> [EXTRACTED MATERIAL]
>>>

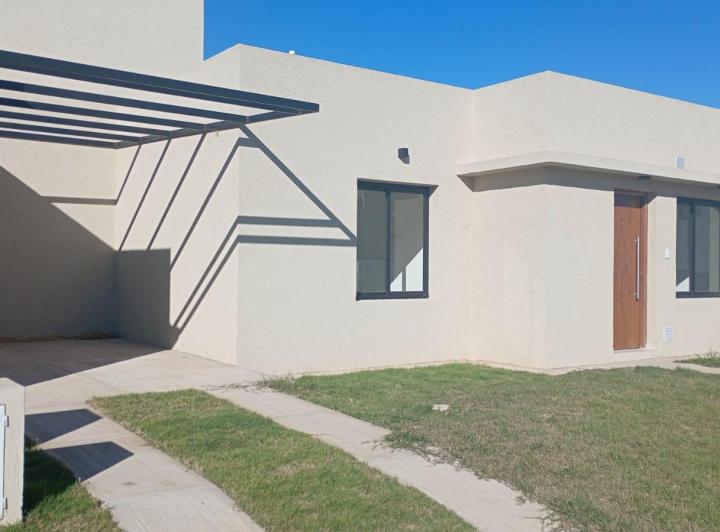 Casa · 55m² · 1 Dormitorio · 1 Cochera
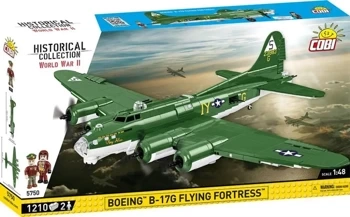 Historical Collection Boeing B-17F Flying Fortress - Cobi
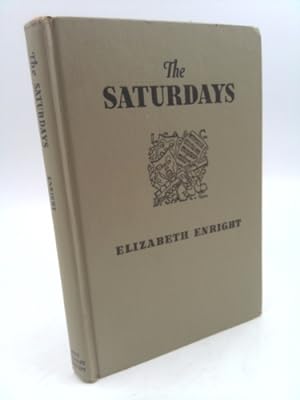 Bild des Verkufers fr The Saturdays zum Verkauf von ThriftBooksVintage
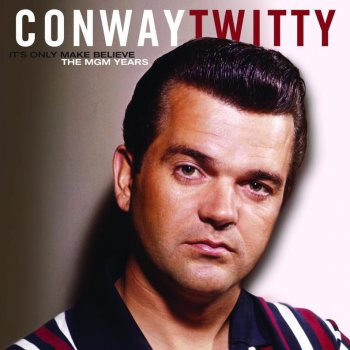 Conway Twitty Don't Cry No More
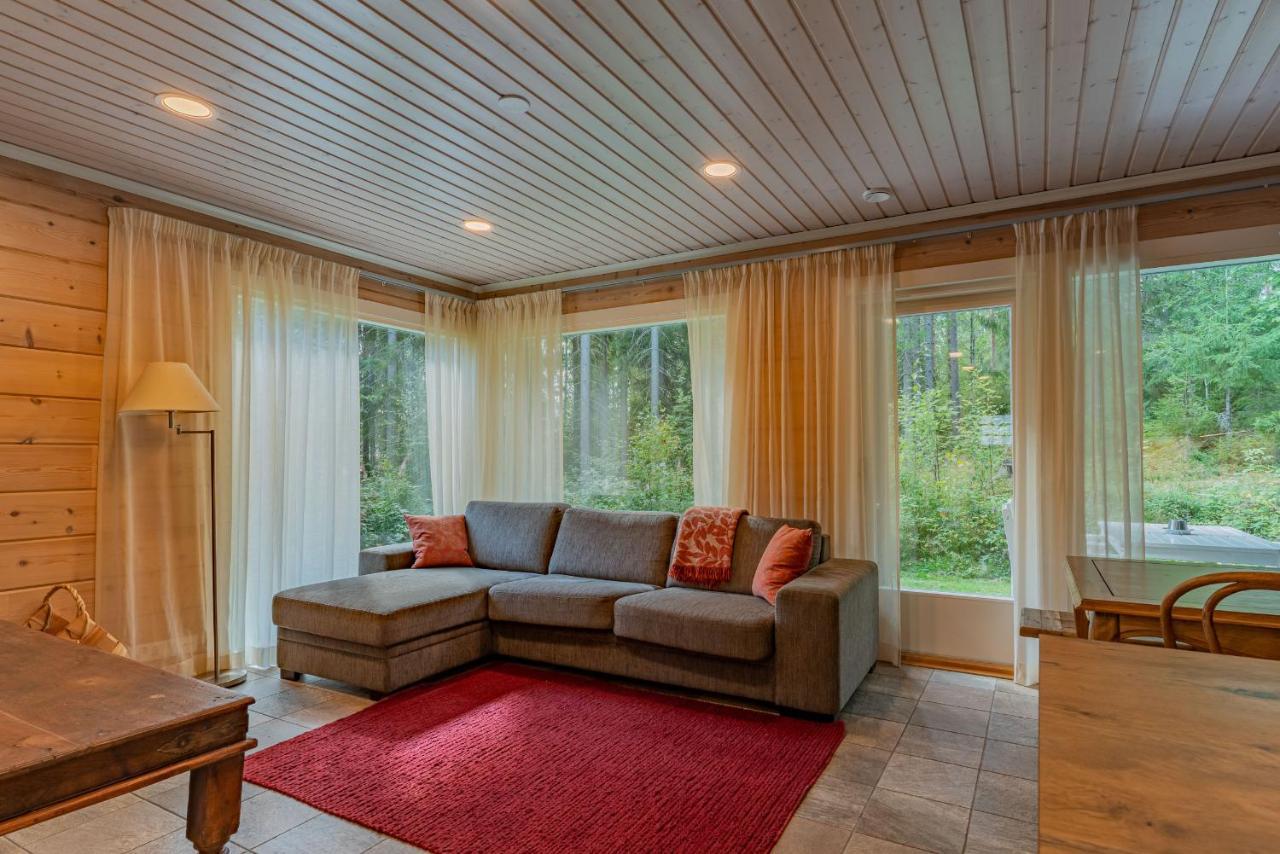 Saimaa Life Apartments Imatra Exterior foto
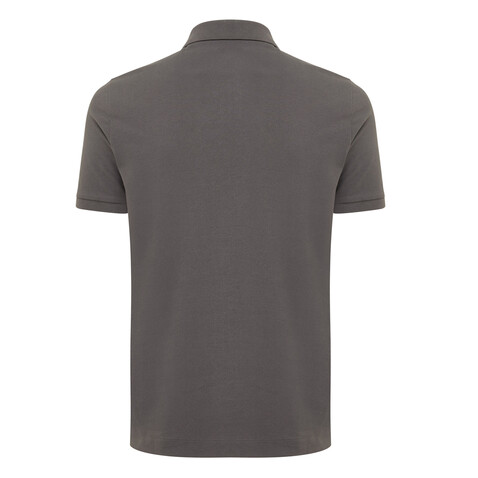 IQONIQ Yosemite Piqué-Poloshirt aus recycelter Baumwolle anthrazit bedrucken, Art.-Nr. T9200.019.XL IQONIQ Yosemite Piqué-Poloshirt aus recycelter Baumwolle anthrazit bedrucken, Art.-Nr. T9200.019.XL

<<<
>>>

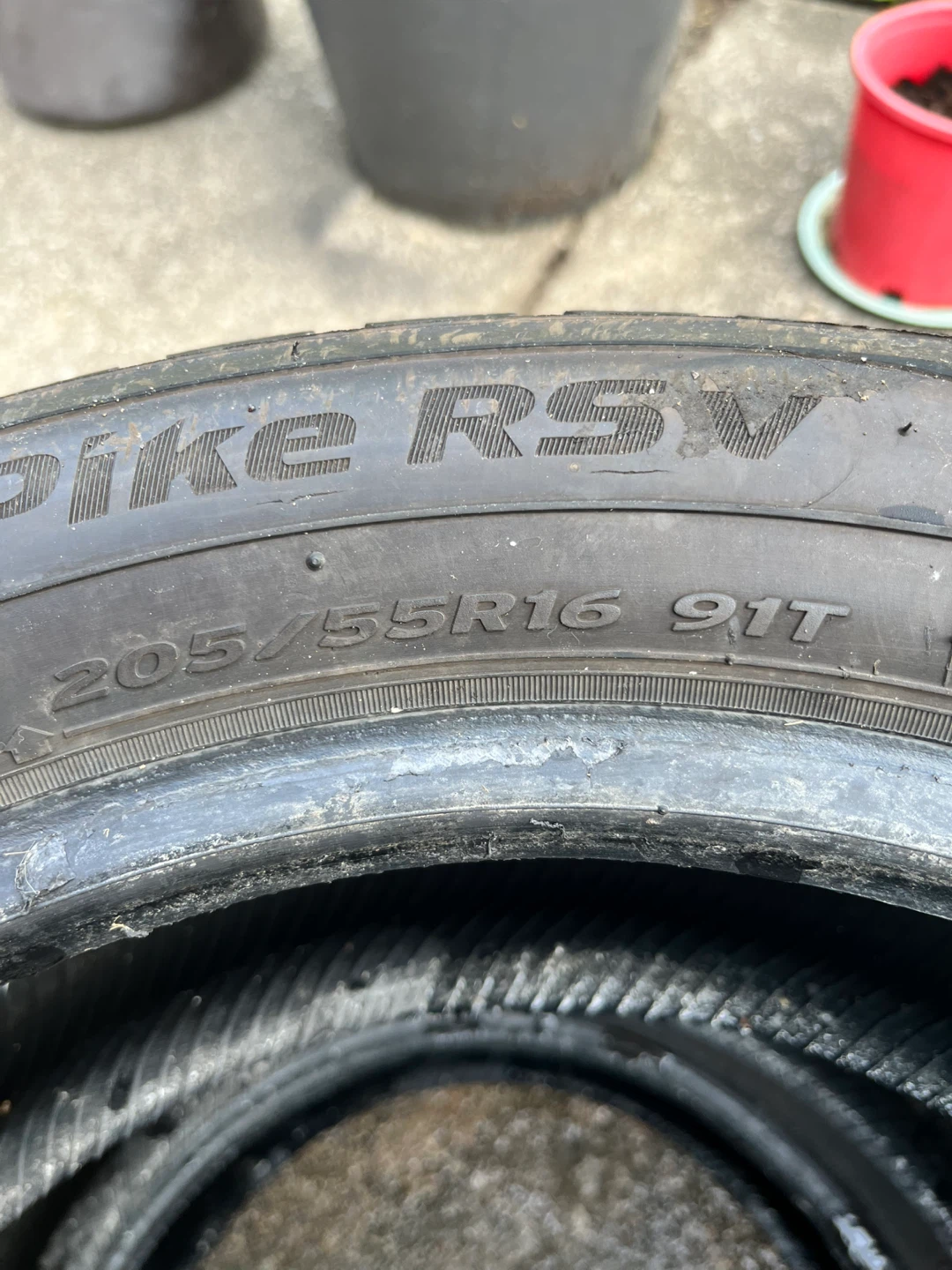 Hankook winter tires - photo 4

<<<
>>>

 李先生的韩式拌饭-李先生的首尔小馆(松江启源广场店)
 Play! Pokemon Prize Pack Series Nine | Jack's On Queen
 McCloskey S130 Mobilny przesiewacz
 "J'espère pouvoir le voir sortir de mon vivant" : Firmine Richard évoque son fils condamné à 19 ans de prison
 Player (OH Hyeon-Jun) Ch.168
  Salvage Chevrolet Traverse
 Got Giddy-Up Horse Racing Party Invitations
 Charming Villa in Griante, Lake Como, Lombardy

<<<

> [GOAL OF THE EXERCISE] Reproduce verbatim the lines above, from the line with "Salvage Chevrolet Traverse" through the line with "Charming Villa in".

> [YOUR SOLUTION]
  Salvage Chevrolet Traverse
 Got Giddy-Up Horse Racing Party Invitations
 Charming Villa in Griante, Lake Como, Lombardy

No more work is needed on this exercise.